==== The data ====
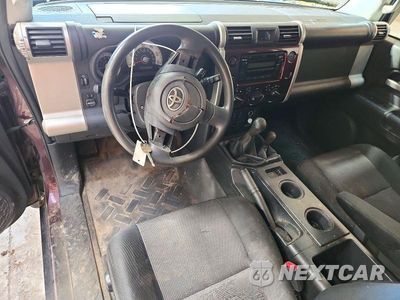 Zdjęcie 8 z 13 samochodu: 2007 TOYOTA FJ CRUISER BASE VIN:JTEBU11F770058831 - miniatura
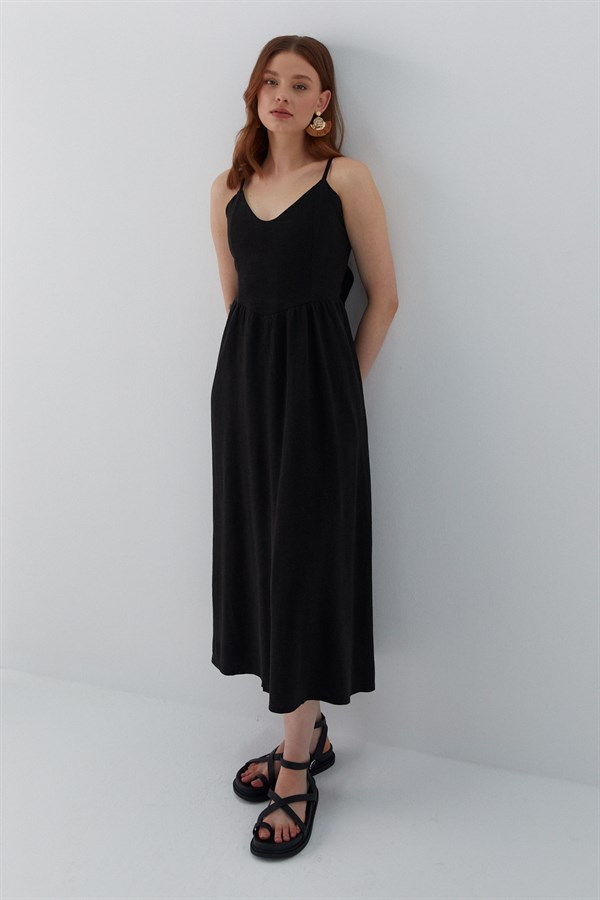 Arkadan Bağlamalı Askılı Midi Elbise Siyah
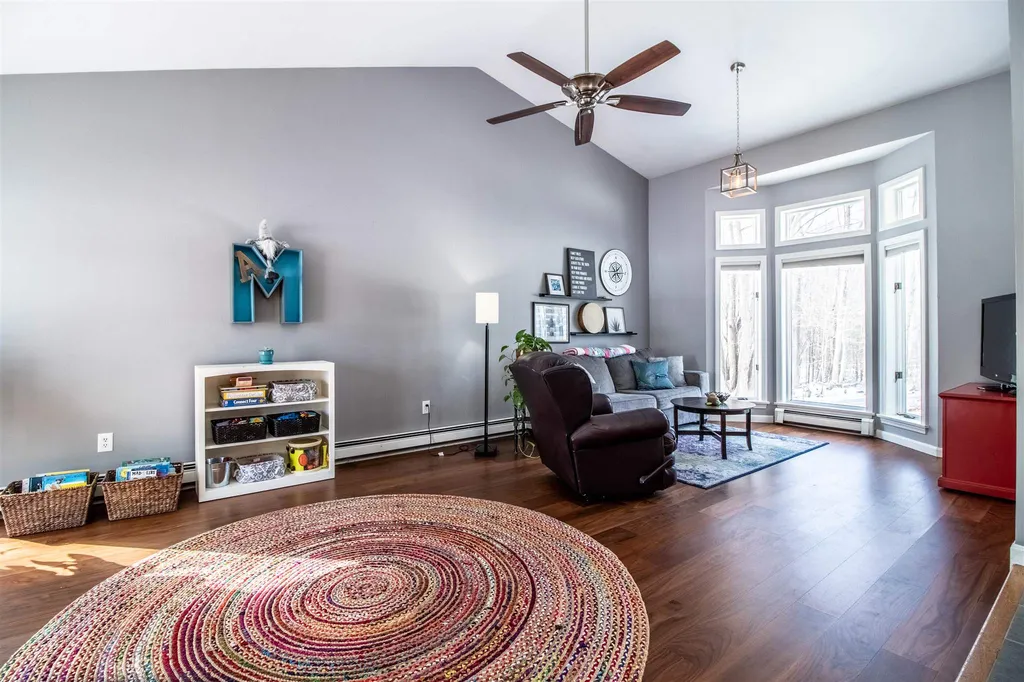 7 Ryan Circle Rochester NH 03867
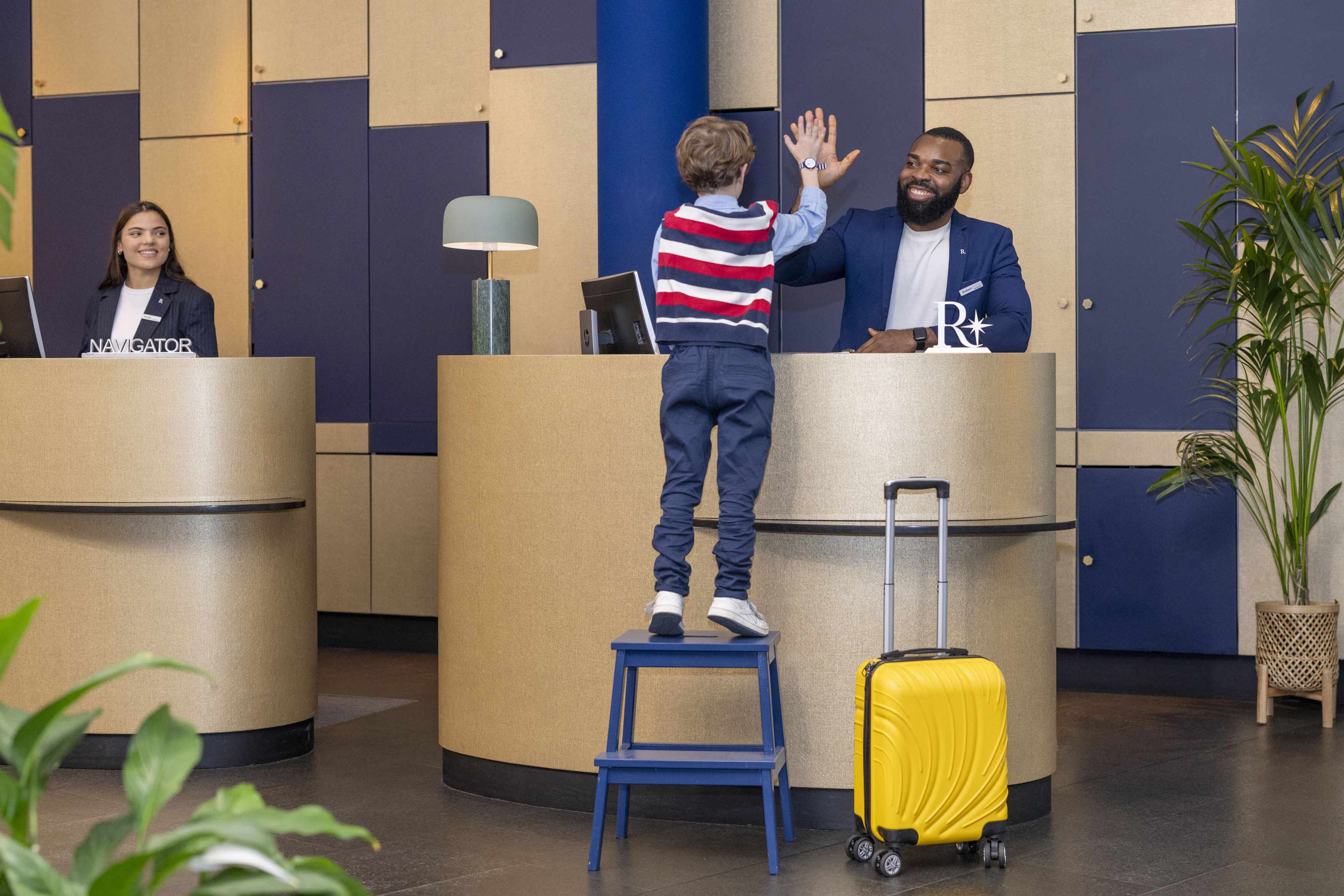 Renaissance Paris Arc de Triomphe Hotel Over view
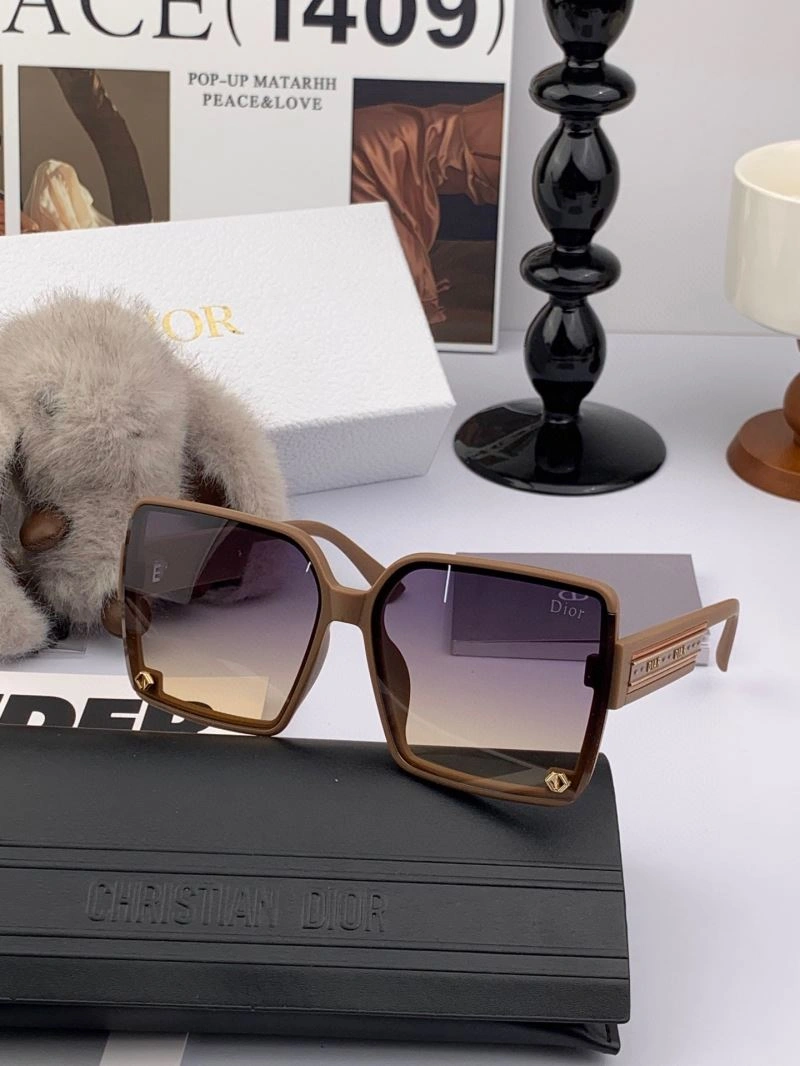 Christian Dior Sunglasses Compact 278881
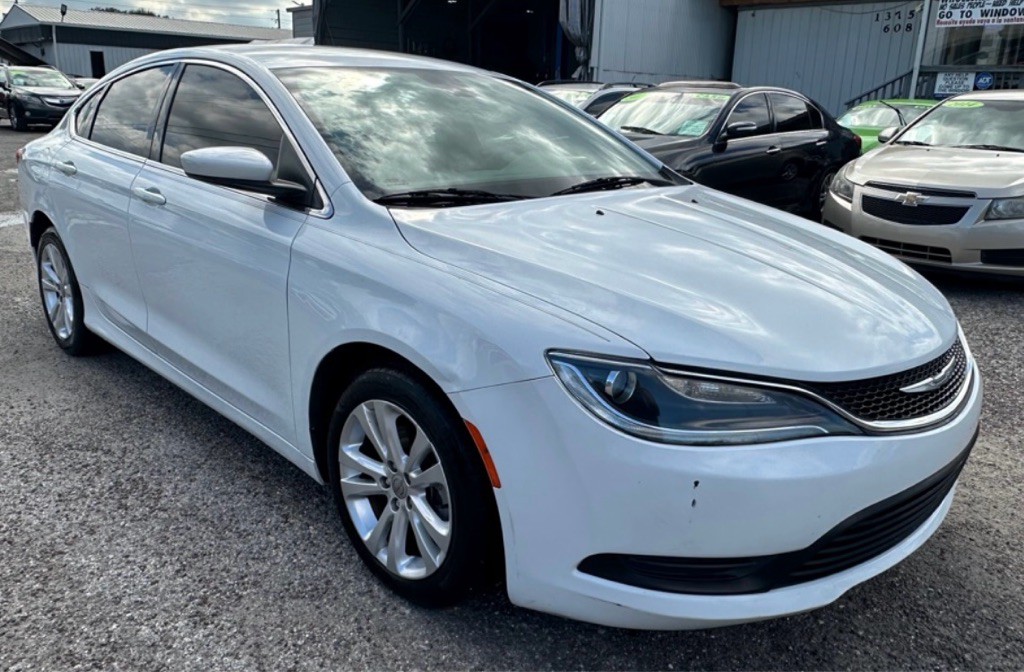 2016 Chrysler 200 Image 13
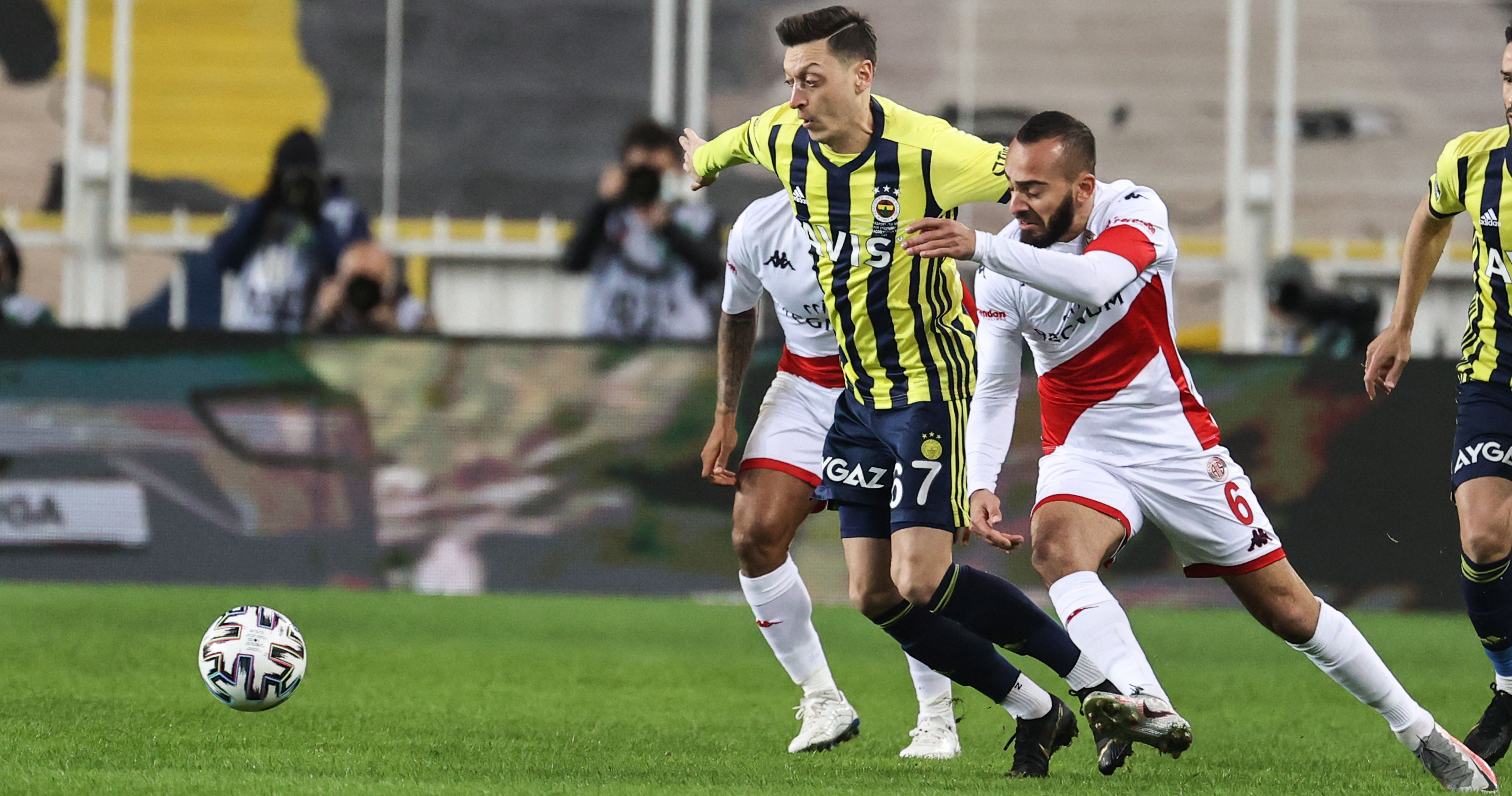 Mesut Ozil Fenerbahce vs. Antalyaspor 03/04/21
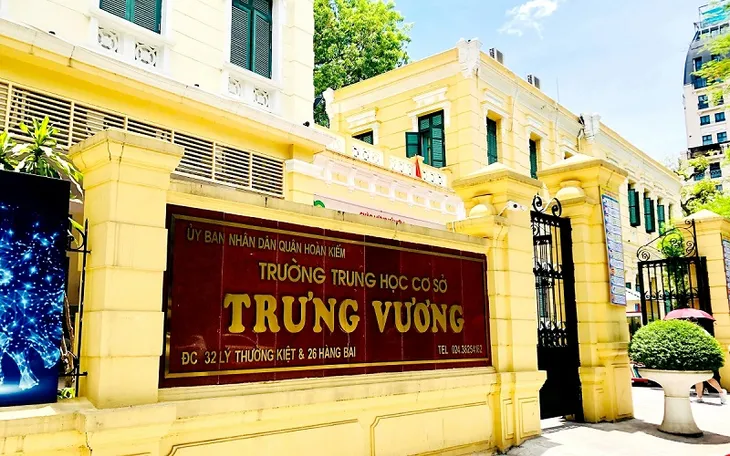 Hôm nay (5/9), gần 23 triệu học sinh khai giảng năm học mới 2021-2022 - Ảnh 1. Hôm nay (5/9), gần 23 triệu học sinh khai giảng năm học mới 2021-2022 - Ảnh 1.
====
§ **Activity**
Through the line containing "2016 Chrysler 200 Image 13" and no further, restate the data above word for word from its first line, leaving out pictures.

§ **Completed task**
 Zdjęcie 8 z 13 samochodu: 2007 TOYOTA FJ CRUISER BASE VIN:JTEBU11F770058831 - miniatura
 Arkadan Bağlamalı Askılı Midi Elbise Siyah
 7 Ryan Circle Rochester NH 03867
 Renaissance Paris Arc de Triomphe Hotel Over view
 Christian Dior Sunglasses Compact 278881
 2016 Chrysler 200 Image 13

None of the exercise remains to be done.